Fans of Apple TV+’s show For All Mankind got some very good news earlier this year. Not only would the show be coming back for a fifth season, a spinoff show called Star City was in the works, which tells the story from the Russian point of view. It was an intriguing, but very curious proposal. Russians already play a big role in For All Mankind. How was it all going to work?
In a new interview with Collider, one of the show’s producers, Ronald D. Moore, explained in more detail. “We’re in the writing period of the spinoff series, which is Star City, which is very exciting,” Moore said. “I’m very happy that Apple was supportive of that whole concept and to do it and to tell the story from the cosmonaut point of view and how the Russians got to the moon first and what it was like to work in that program.”
Moore goes on to explain what will set the two stories apart. “I didn’t know a lot about the Russian space program before I started doing this project,” he said. “It was pretty ballsy stuff that they did. The spacecraft were not quite as reliable as ours were. They lost a lot of good people on them. The conditions were tough.
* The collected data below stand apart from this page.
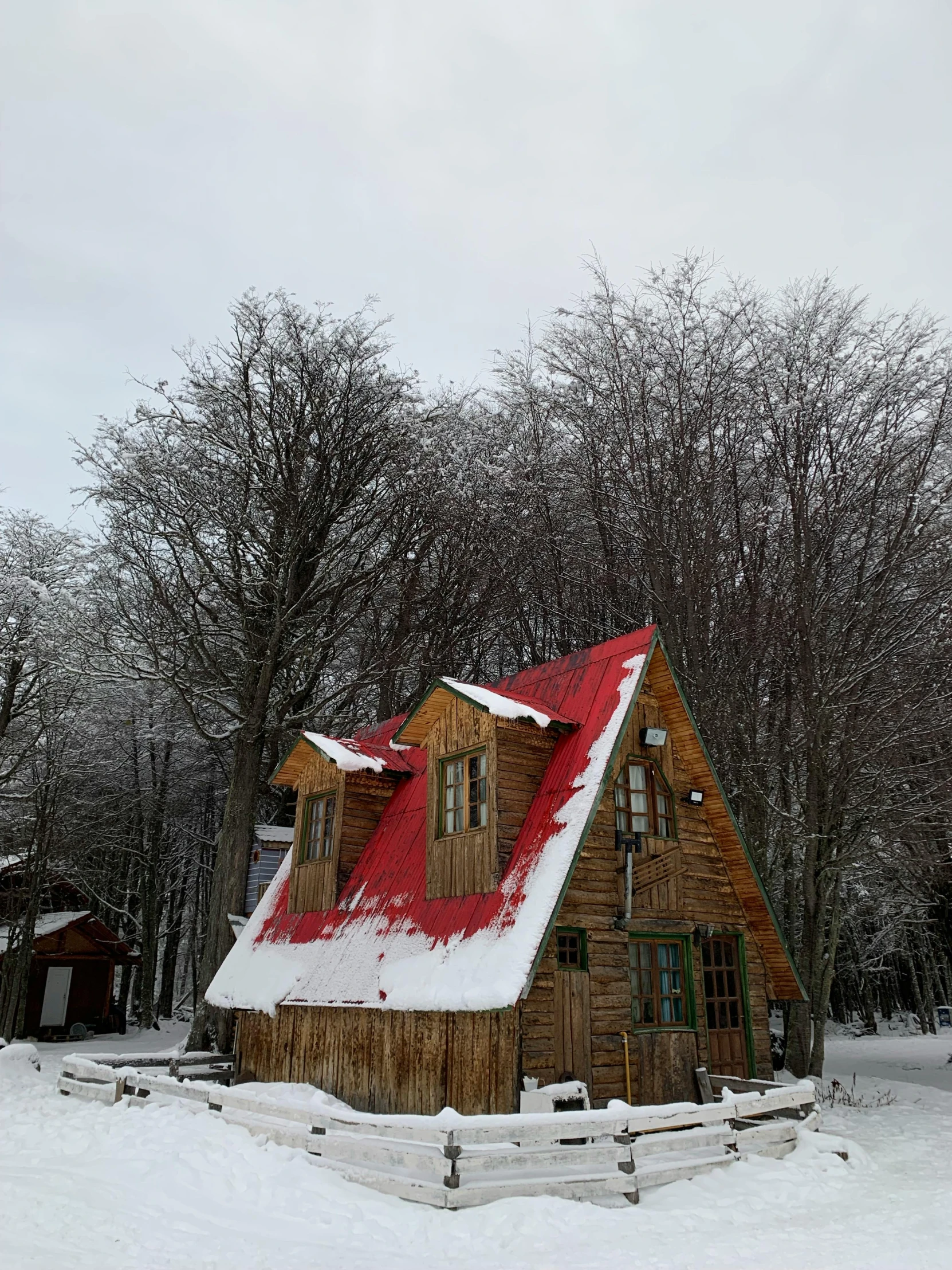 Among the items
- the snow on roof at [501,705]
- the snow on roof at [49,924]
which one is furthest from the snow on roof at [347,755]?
the snow on roof at [49,924]

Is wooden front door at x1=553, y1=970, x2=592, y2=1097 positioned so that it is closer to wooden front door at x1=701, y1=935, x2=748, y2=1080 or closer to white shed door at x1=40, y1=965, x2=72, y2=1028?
wooden front door at x1=701, y1=935, x2=748, y2=1080

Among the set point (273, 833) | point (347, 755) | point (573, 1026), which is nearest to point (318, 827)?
point (347, 755)

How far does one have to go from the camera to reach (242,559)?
21.5m

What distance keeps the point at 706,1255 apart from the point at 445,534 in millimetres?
18245

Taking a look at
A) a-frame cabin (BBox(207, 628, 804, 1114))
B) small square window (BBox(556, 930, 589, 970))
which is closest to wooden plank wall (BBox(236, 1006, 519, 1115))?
a-frame cabin (BBox(207, 628, 804, 1114))

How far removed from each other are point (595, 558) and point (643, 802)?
9305 mm

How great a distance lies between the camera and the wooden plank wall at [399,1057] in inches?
411

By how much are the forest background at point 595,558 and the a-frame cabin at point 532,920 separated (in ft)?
15.1

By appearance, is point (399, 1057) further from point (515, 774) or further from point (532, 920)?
point (515, 774)

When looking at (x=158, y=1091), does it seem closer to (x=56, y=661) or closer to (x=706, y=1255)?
(x=706, y=1255)

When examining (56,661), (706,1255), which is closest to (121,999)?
(56,661)

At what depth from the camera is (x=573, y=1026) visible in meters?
11.0

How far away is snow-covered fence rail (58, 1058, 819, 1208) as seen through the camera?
7988 mm

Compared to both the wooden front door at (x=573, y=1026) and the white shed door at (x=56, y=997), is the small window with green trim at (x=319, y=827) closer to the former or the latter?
the wooden front door at (x=573, y=1026) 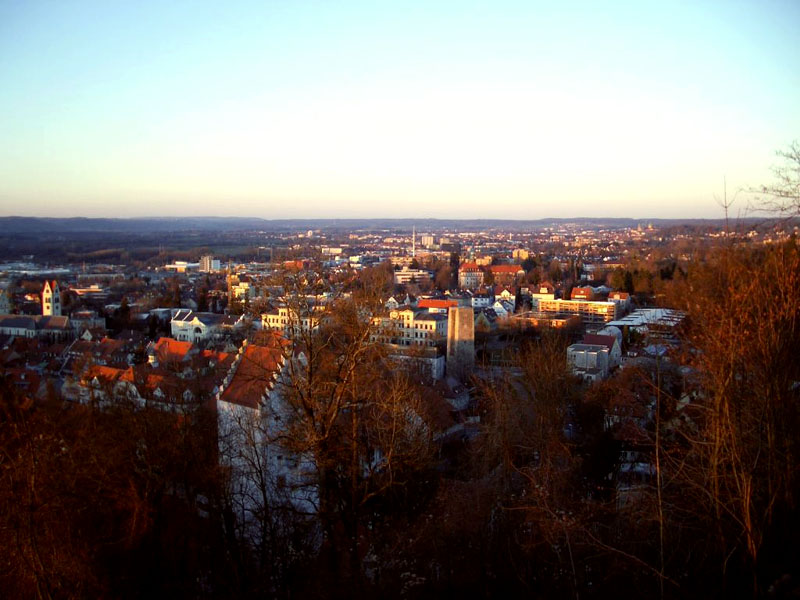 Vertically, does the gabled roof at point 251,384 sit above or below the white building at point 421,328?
above

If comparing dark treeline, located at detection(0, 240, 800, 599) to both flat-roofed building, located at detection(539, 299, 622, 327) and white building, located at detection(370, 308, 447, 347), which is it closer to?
white building, located at detection(370, 308, 447, 347)

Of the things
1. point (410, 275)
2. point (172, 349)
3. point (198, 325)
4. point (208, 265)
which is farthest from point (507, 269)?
point (172, 349)

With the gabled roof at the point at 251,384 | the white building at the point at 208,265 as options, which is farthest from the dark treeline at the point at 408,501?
the white building at the point at 208,265

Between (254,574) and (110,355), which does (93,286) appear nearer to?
(110,355)

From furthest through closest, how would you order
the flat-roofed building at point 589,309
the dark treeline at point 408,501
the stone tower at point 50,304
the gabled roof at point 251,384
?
the stone tower at point 50,304, the flat-roofed building at point 589,309, the gabled roof at point 251,384, the dark treeline at point 408,501

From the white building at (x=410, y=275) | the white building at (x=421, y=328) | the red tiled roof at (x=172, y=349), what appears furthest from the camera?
the white building at (x=410, y=275)

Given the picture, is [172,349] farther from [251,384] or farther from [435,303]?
[435,303]

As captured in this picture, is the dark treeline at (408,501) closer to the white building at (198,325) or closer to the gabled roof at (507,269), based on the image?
the white building at (198,325)

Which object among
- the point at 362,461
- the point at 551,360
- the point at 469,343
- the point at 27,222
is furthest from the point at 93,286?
the point at 27,222

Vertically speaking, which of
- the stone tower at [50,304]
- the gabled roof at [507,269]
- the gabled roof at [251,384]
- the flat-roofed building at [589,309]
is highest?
the gabled roof at [251,384]
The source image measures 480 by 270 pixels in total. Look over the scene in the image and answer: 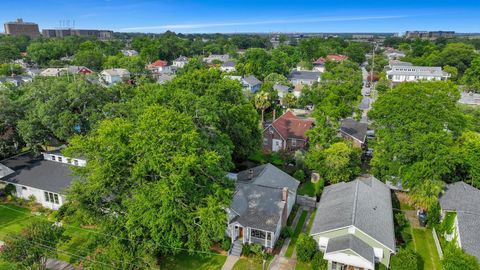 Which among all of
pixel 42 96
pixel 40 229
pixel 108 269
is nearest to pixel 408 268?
pixel 108 269

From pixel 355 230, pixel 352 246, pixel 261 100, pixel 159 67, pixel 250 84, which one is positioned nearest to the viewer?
pixel 352 246

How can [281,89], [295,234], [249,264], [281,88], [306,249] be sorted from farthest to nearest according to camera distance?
[281,88], [281,89], [295,234], [249,264], [306,249]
They also had things like the KGB being around and hanging out in mission control, so there’s a lot of espionage and Cold War kind of environments that you’re dealing with in that particular show. So, it’s a familiar tale in terms of the narrative for people who watch Mankind. They know the Soviets got there first and they know that they have a robust space program in our alternate history, but certainly the details of how that program worked and what it was like to be on the inside of that program, I think are gonna be really interesting to the audience.”
With Star City still in the writing phase, not every detail has been set in stone. For example, Moore isn’t sure how the language barrier will be handled. But he did reveal they have a larger outline of where it could go. “We have a path,” he said. “We have a general arc. It’s probably not as detailed as what we started off with on For All Mankind, but we have a general sort of, ‘Okay, here’s the structure of how this would play out over several seasons.’”
And, yes, Star City will follow that all too crucial For All Mankind device of jumping ahead in time each season. “I’m not sure [how long] the jumps will be,” he said. “We know we are gonna jump through time. We haven’t quite got to that point yet. It’s probably still an in-the-decade, or so, jump ahead. We don’t know if we’re gonna do exactly what the Mankind jumps were or if we’ll try to split them in the middle.”
But it’s still a format that works for us and makes it a unique part of this universe. It also allows their space program to advance. That was why we did it on Mankind, so that you could see the advancement in chunks instead of getting stuck in a very limited timeframe where there really wouldn’t be a lot of change.”